KBR68H - Nasi adalah makanan pokok masyarakat Indonesia. Namun, cobalah datang ke Balaikota Depok setiap Selasa. Nasi kini menjadi makanan yang langka didapat. Sebab Pemerintah Kota Depok mulai memberlakukan gerakan Sehari Tanpa Nasi khusus bagi kalangan PNS. Pedagang kantin pun dilarang menjual nasi, hingga menimbulkan protes. Seperti apa kebijakan itu sebenarnya?
“Makanan saja, soto mi saja, semuanya pecel ayam sampai tutup, menu sekarang enggak ada nasi, gantinya kentang ubi singkong, orang kantor juga enggak mau, sampai ada orang pesan sate, ditawarin pakai singkong sama abangnya, apaan 2012 pakai singkong sate mah dimana – mana pakai lontong dan nasi, 70 persen balik modal juga enggak ada”
Itu tadi David, sehari-harinya ia adalah pedagang soto di areal Kantor Balaikota Depok. Kali ini ia mengeluhkan omset yang menurun. Kebijakan pemerintah Kota Depok dituding sebagai penyebabnya.
Sejak awal bulan ini, Pemerintah Kota Depok menerbitkan Surat Edaran gerakan Satu Hari Tanpa Nasi khusus bagi para Pegawai Negeri Sipil (PNS). Hari tanpa Nasi ini diberlakukan setiap satu kali dalam sepekan, yakni setiap hari Selasa.

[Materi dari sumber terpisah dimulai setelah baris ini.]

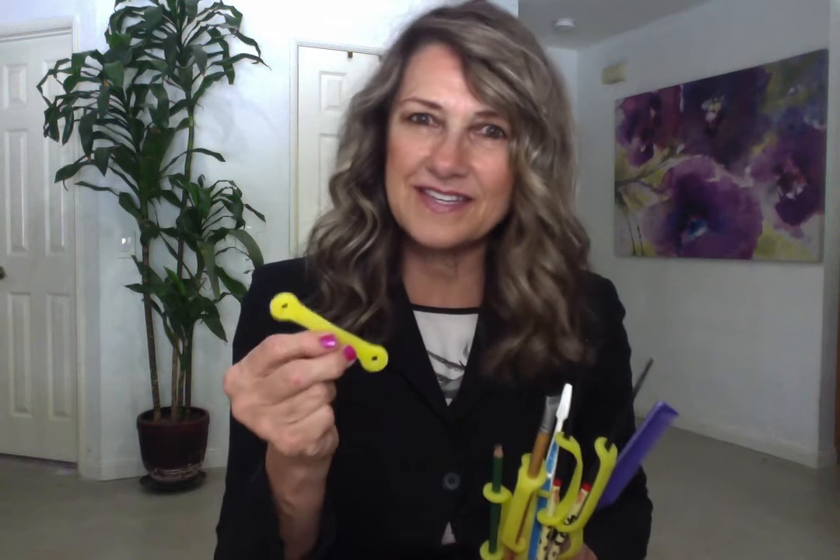What can you hold with the smallest easy hold, the yellow? For adult fingertip control, you can hold a pencil, a fine art brush, a pen. For grooming aids, you can hold a toothbrush, a comb. You can even hold chopsticks.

Juru Bicara Pemkot Depok Diah Sadiah
“Upaya pemerintah, ini kebijakan pusat kaitannya untuk ketahanan pangan, konsumsi yang paling dibutuhkan dan paling banyak oleh masyarakat Indonesia adalah beras, masyarakat harus bisa menjangkau dan membeli, serta kaitannya keanekaragaman konsumsi pangan berbasis lokal, kita itu menindaklanjuti, kalau di propinsi sudah dua hari di kita baru sehari, kalau hari Senin PNS banyak yang puasa, makanya diubah jadi hari Selasa”
Karena harus mengutamakan pangan berbasis lokal, PNS pun diminta mengganti konsumsi nasi dengan pangan lain yang mengandung karbohidrat dari bahan umbi – umbian, seperti beras, mie, singkong, hingga kentang. Para PNS pun mendukung program itu.
“Nama saya Rusdianto, PNS, saya sangat menyetujui, kalau tiap Selasa saya makan mi, pisang, kenyang kalau banyak ya pasti kenyang”
“Nama saya Olas, PNS, saya setuju dengan program One Day No Rice, bagus tuh buat orang – orang yang mau diet, didukung banget jadi diet massal deh”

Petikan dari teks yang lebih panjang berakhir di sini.